特定の他者に対して持つ情愛的な絆(信頼感)、「愛着形成」は、発達心理学の上で非常に重要と考えられている。自分のことを温かく迎え入れてくれる安全基地があるから挑戦できるし、それ故に自信を持って自己決定できるようになる。
育児に関わることで子どもだけではなく、親の脳に変化をもたらす。子供とのスキンシップで分泌される「愛情をつかさどるホルモン(オキシトシン)」は、母親に特有の出産や授乳だけではなく、父親が抱きしめることでも分泌されることがわかっている。さらにオキシトシンは、抱きしめてもらった人だけではなく、抱きしめてあげた人の脳にも流れるらしい。
以下に、神経科学や心理学の研究によって示されているエビデンスに基づいた報告を示す。
脳の形態の変化: 育児経験は、親の脳の形態に影響を与えることが示されている。MRIスキャンを用いた研究では、育児経験のある母親の脳の前頭前野や海馬などの一部の領域は、非育児経験のある女性の脳と比較して構造的に異なることが示されている。これらの領域は、注意や判断、感情制御などの認知機能と関連していて、育児に必要なスキルの発達と関連していると考えられている。
神経回路の変化: 育児経験は、親の脳内の神経回路結合の変化にも関与していることが示されている。例えば、育児経験のある母親は、子どもの泣き声に対する脳内の反応パターンが異なることが報告されている。これは、子どもの求めに対応するための神経回路結合の変化を反映していると考えられている。
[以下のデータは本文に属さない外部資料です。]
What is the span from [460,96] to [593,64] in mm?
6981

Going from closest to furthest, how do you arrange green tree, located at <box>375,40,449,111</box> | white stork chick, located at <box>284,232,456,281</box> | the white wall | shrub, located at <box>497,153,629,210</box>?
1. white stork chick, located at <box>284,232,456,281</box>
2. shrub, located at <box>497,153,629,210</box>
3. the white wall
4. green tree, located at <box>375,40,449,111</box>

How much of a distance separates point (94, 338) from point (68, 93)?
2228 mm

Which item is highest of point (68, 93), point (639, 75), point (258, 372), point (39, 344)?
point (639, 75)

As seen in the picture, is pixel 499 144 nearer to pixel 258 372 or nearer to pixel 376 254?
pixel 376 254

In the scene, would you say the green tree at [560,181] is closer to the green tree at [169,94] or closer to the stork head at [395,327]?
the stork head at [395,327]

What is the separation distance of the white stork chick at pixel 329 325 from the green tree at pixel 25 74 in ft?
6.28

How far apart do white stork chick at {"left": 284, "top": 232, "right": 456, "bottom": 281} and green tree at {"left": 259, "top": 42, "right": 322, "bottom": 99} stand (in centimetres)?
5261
感情認識の向上: 育児は感情の理解や認識能力を高める効果があるとも言われている。親は子どもの表情や声のニュアンスを読み取る必要があり、これによって感情の認識能力が向上すると考えられている。実際に、育児経験のある親は非育児経験の親と比較して、他人の感情を正確に読み取る能力が高いことが研究で示されている。
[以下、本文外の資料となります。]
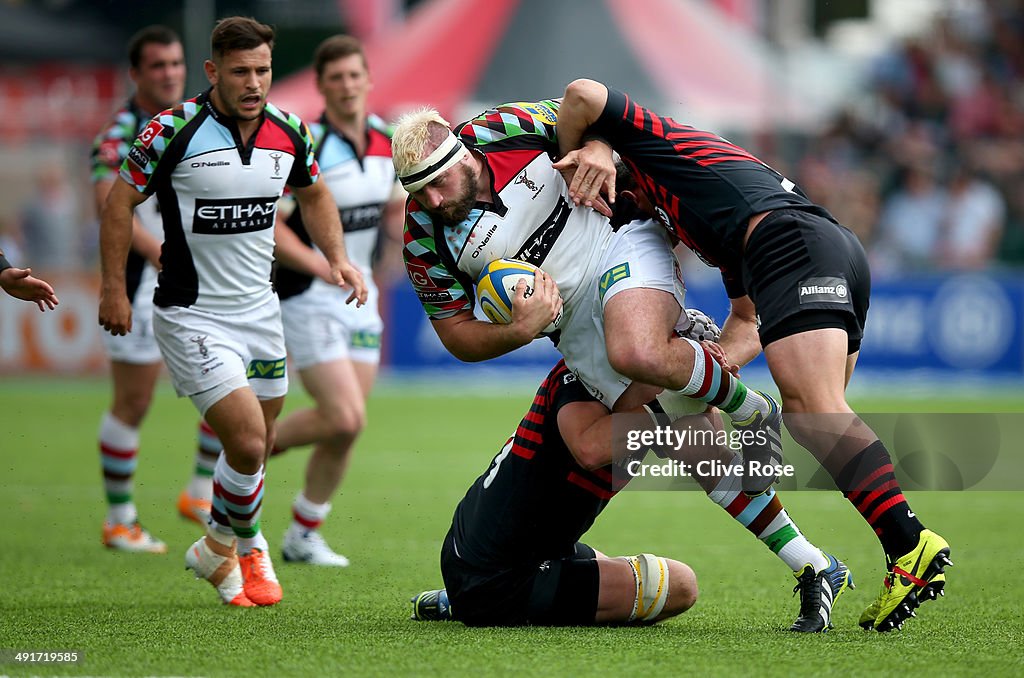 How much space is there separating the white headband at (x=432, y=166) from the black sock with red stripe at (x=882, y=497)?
5.82 feet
ストレス耐性の向上: 育児は多くのストレス要因を含むものであるけれど、育児経験が親のストレス耐性を向上させる効果があるとも言われている。
自分の経験から考えると確かに、子供を産んで育ててみて、人との繋がりや忍耐力において、変化したと思われることが多々ある。感情が鈍くなるということをその変化のうちにに数える人もいるけれど、確かにドーンと構えられるような姿勢は培われてきたように思う。